However, in addition to this service and in addition to reducing overall bills through the addition of solar energy to the schools’ rooftops, the lithium-ion battery energy storage systems will make backup power available to the schools, maintaining resilience in the face of power failures.
“At the end of the day we like to talk about how solar is cheap and solar saves money,” Shah said.
“But it doesn’t actually save that much money for that particular customer. Let’s say we save 20% off the customer’s bill, that’s a big number. But when you think about what 20% is on a 1.2MW facility, generating on the order of let’s say, 1.5 million kWh, it would work out at about US$40,000 a year. For a school district that has a US$50 million-a-year budget, US$40,000 a year in savings is not a big deal, even if it’s 20%.”
However, Jigar Shah said, what was “really amazing” was that the energy storage component was the reason the school went solar. The school district realised it could add resiliency to its power supply and in the event of an emergency could power the facility for 2-5 hours and have time to evacuate the schools or conversely use the buildings as community shelters.
“They’re willing to trade the savings from the solar for the resiliency. So the school is still saving money on the solar-plus-storage system, they’re just not saving as much. Being able to trade dollars they didn’t have in the budget – the savings they created out of the solar – for this priceless public service, that’s a big deal.”
The mass market Trojan Horse
According to Shah, now that many of California’s early adopters and environmentalists have already gone solar, reaching out to the mass market is the next step – and projects like this could help inform that market.

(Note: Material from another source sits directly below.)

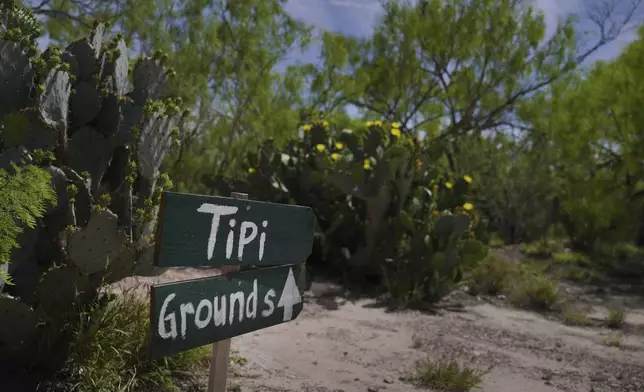 A sign leading to the tipi grounds at the Indigenous Peyote Conservation Initiative homesite in Hebbronville, Texas, Sunday, March 24, 2024. (AP Photo/Jessie Wardarski)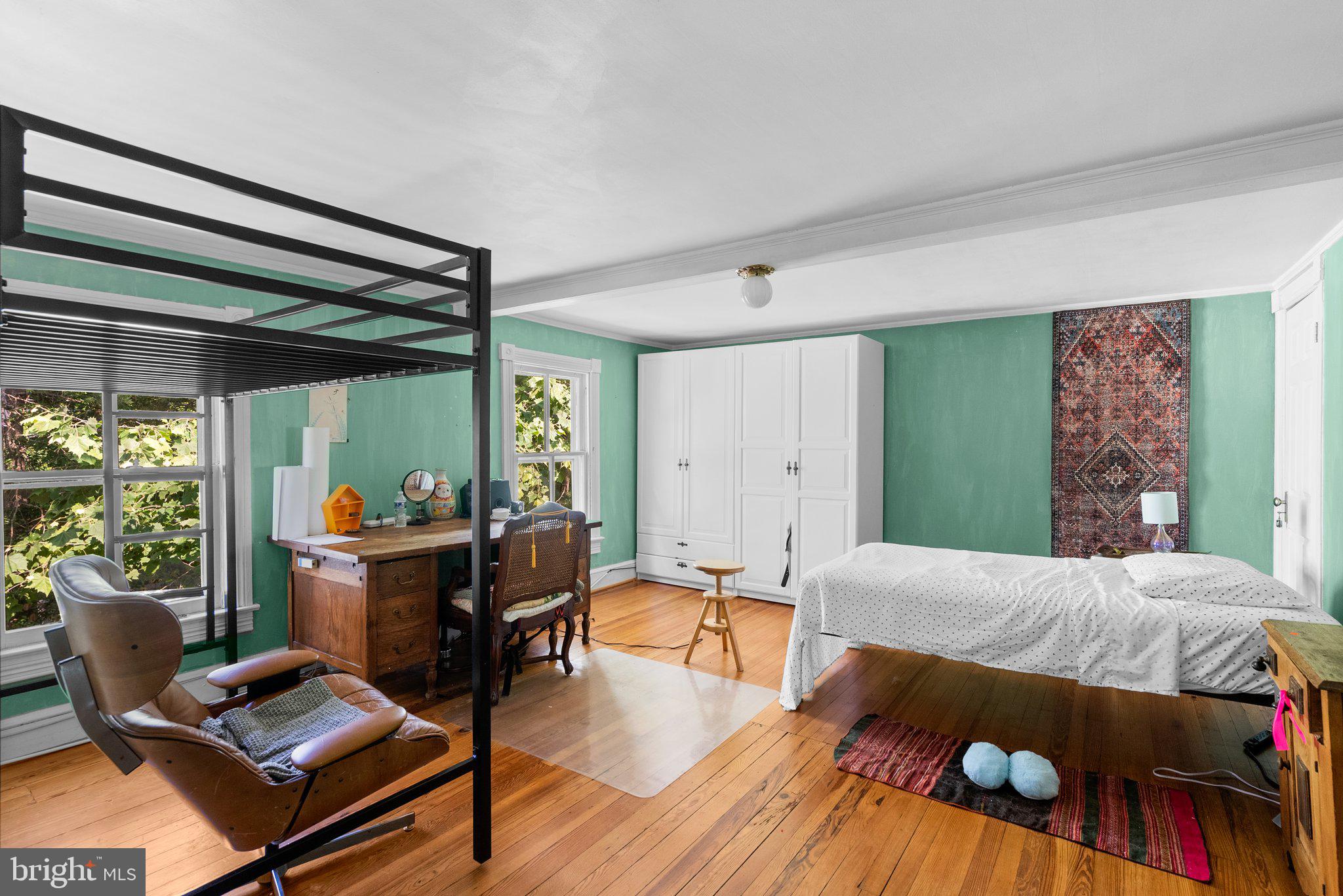 13321 Travilah Road Potomac, MD 20854 - Photo 25 of 43 a bedroom with furniture and a large window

“To do that, we need the decision makers to see the value of what we’re providing. And a lot of them are far more compelled by the energy storage [than they are by solar PV],” Shah said.
In a previous conversation, Shah had told me that he saw solar PV as something of a ‘Trojan Horse’ that could win a market-leading position to get more energy efficiency and distributed energy resources deployed. That was still true, he said, and increasingly so not just in the advanced market of California.
“We’re looking at [projects in] Massachusetts, New Jersey, Hawaii. There are a lot of markets where we’re looking at energy storage. I think what’s important is to note that energy storage actually brings people who are on the fence for solar-only systems into the game.
“There’s a lot of customers out there that want the storage and the solar is in some ways how they can get the storage, because the storage alone doesn’t pay for itself. It pays for itself from a resiliency standpoint – but not in dollars.”